◆ Work order
Please return only the lines from the one with "House for sale in Saskatchewan" through the final line of the data, unchanged, with pictures omitted.

§

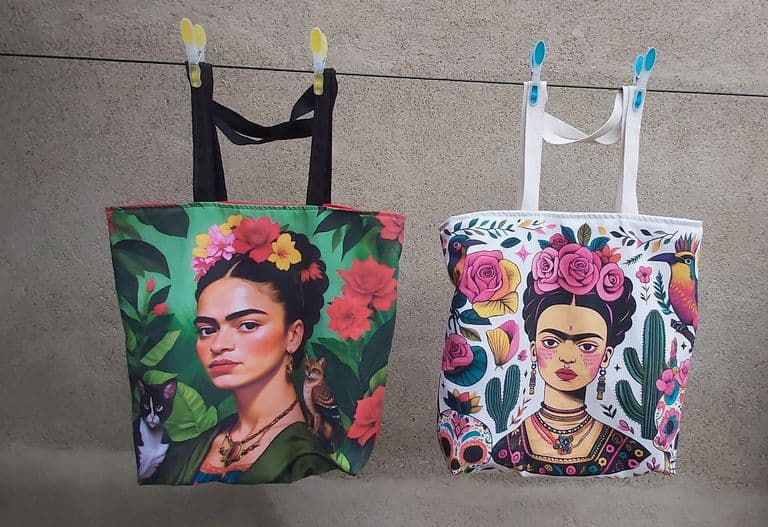 sac tote bag, cabas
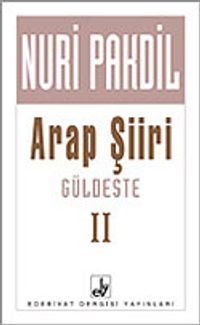 Arap Şiiri (Güldeste) 2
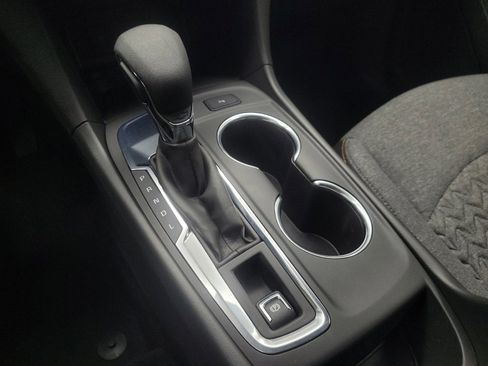 Used 2024 Chevrolet Equinox LT w/ LPO, Floor Liner Package FWD image 27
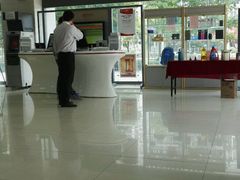 -中国银行(南京奥体支行)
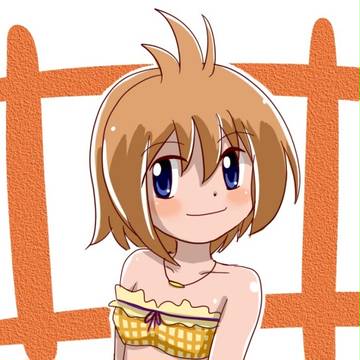 ナツ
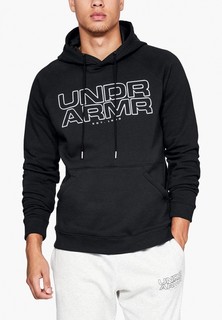Худи Under Armour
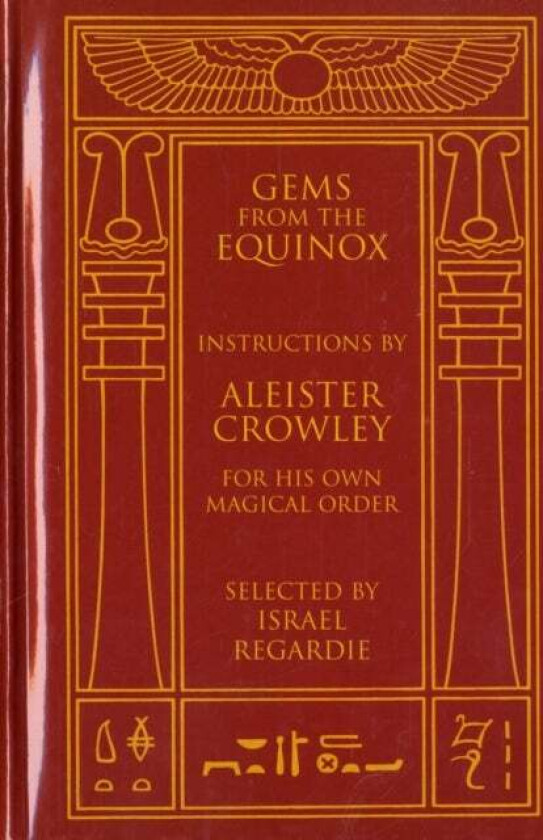 Gems From The Equinox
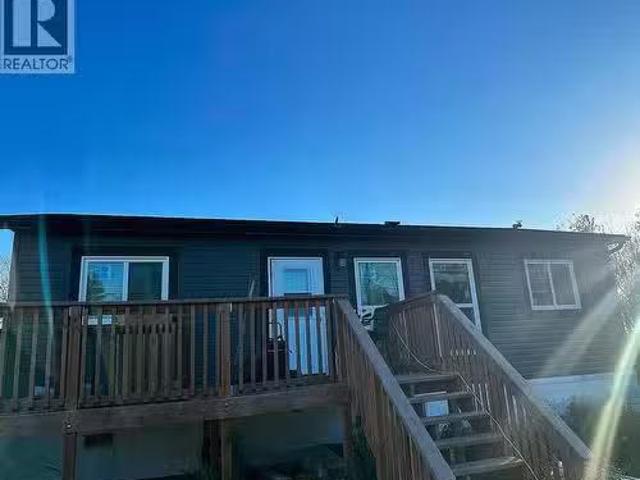 House for sale in Saskatchewan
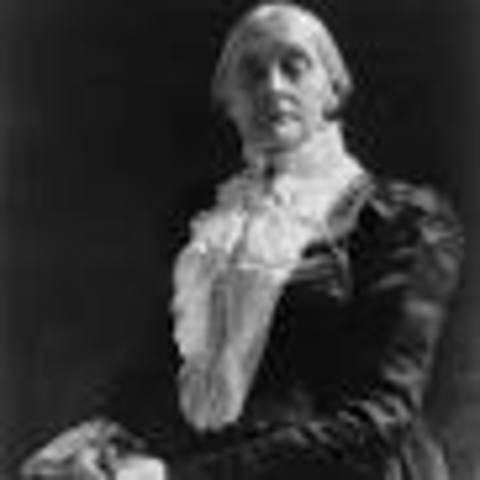 Susan B. Anthony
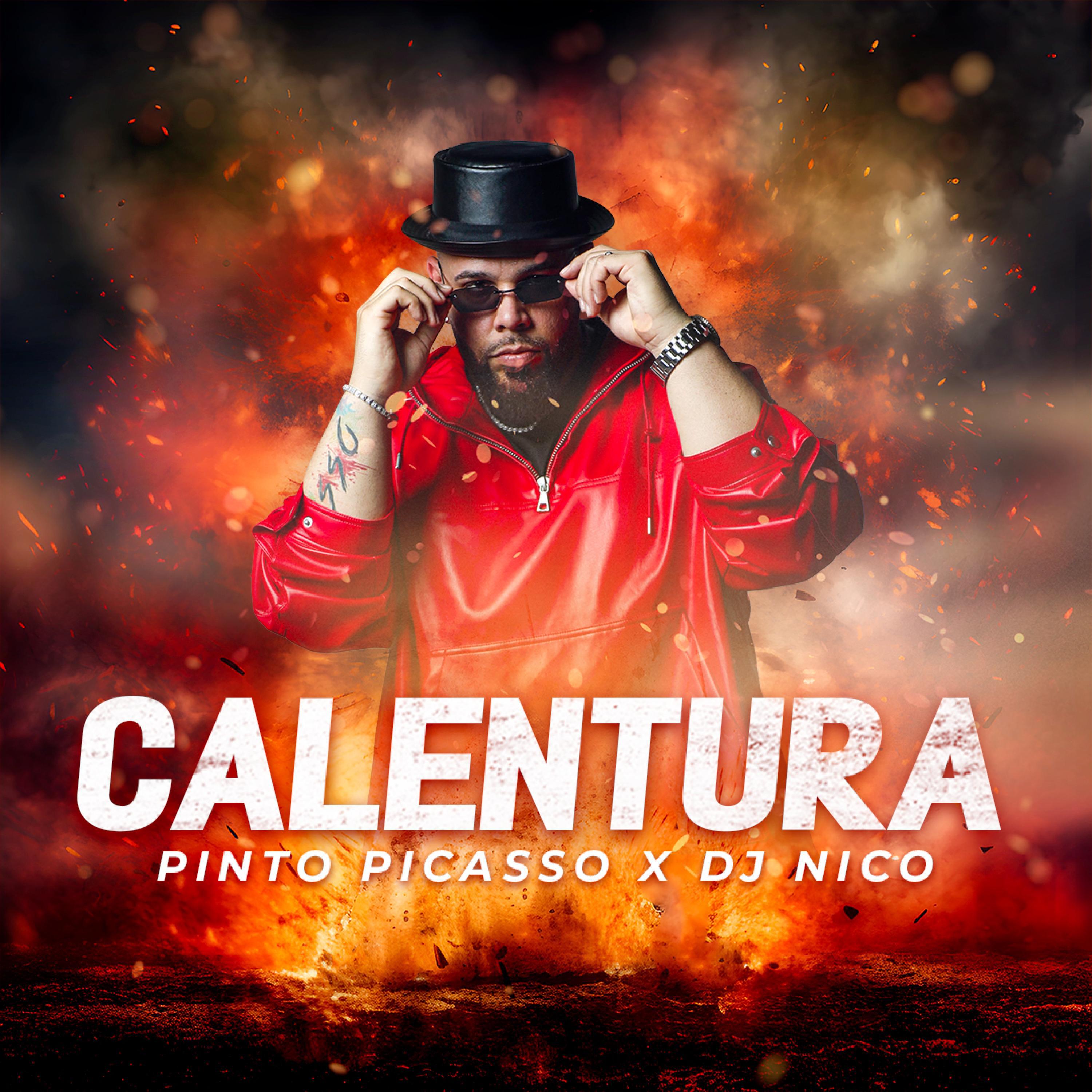 Релиз Calentura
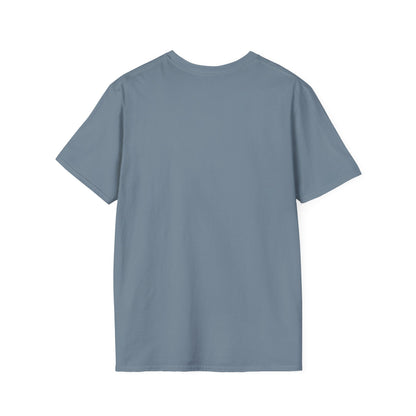 Unisex T-Shirt - Funny Anti Social Moms Club Comfy Tee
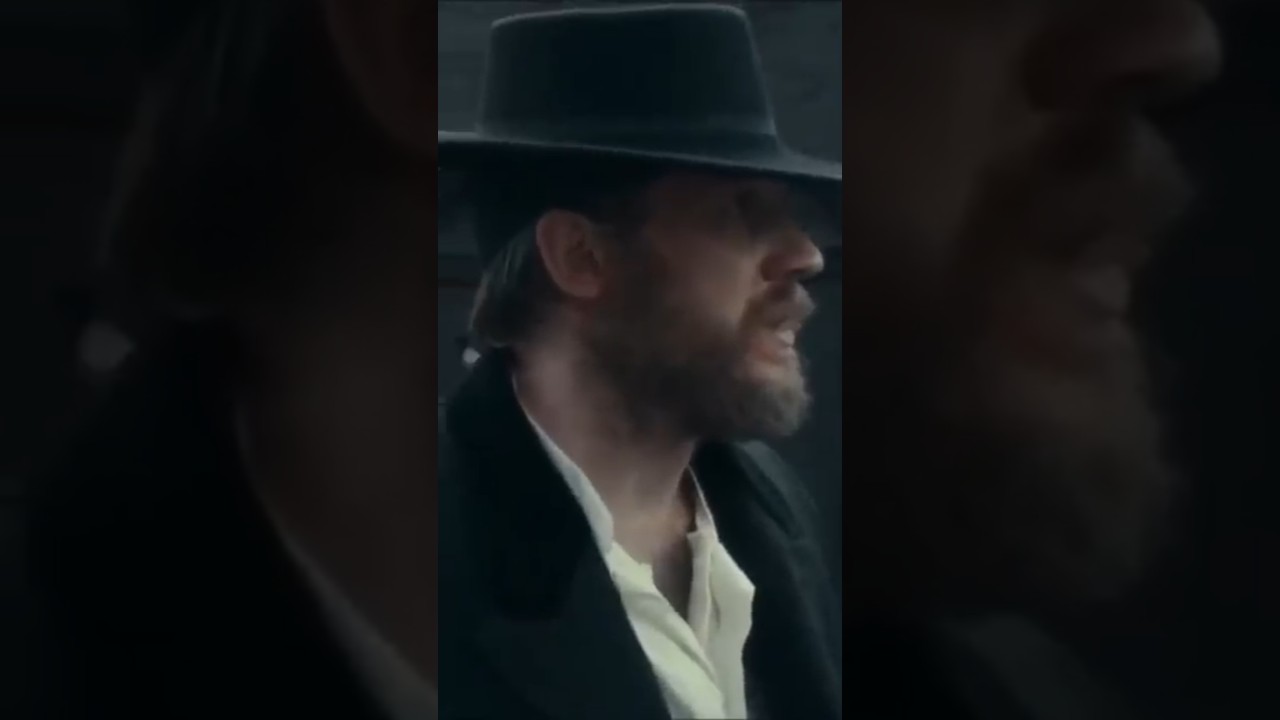 Morning Shelby | Alfie Solomon | Thomas shelby|  #peakyblinders #sigmamale #attitude#like#trending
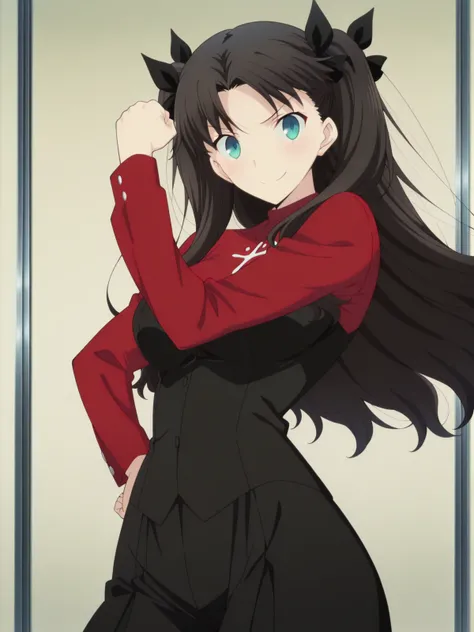 Cure Black (キュアブラック) Pose - Poses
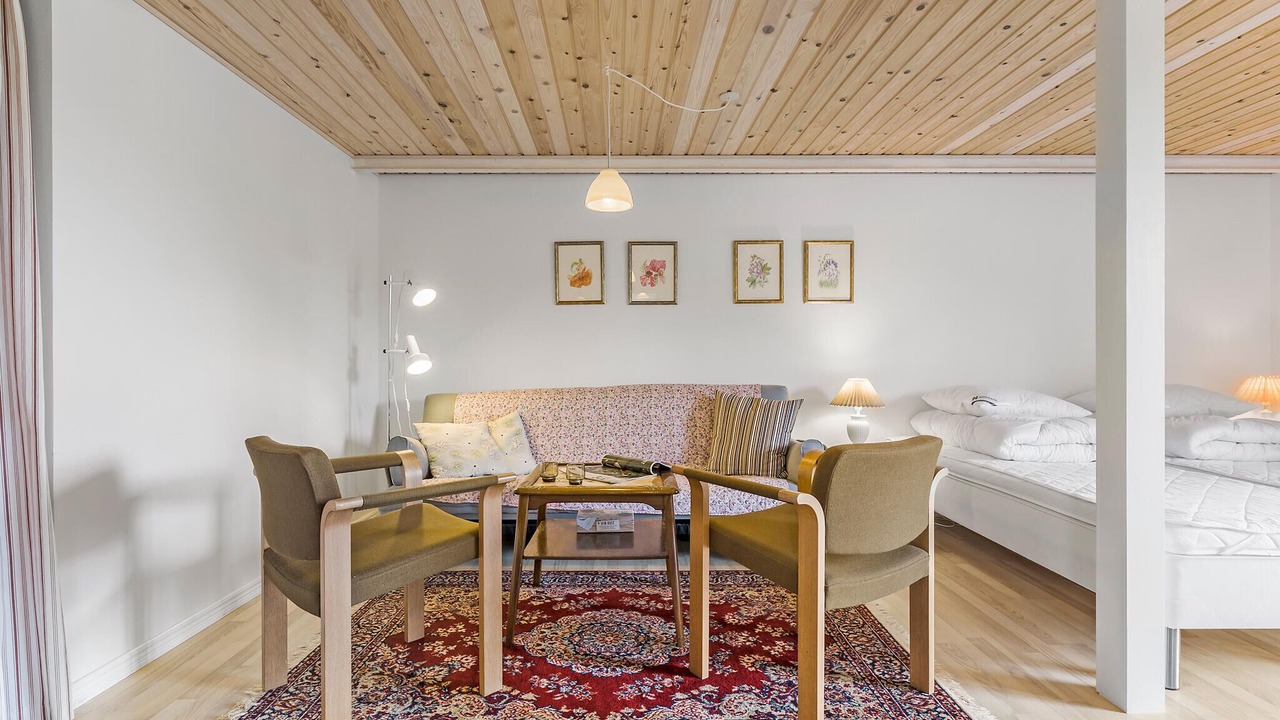 Photo of Bedroom in Ranum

§

◆ Result of this task
 House for sale in Saskatchewan
 Susan B. Anthony
 Релиз Calentura
 Unisex T-Shirt - Funny Anti Social Moms Club Comfy Tee
 Morning Shelby | Alfie Solomon | Thomas shelby|  #peakyblinders #sigmamale #attitude#like#trending
 Cure Black (キュアブラック) Pose - Poses
 Photo of Bedroom in Ranum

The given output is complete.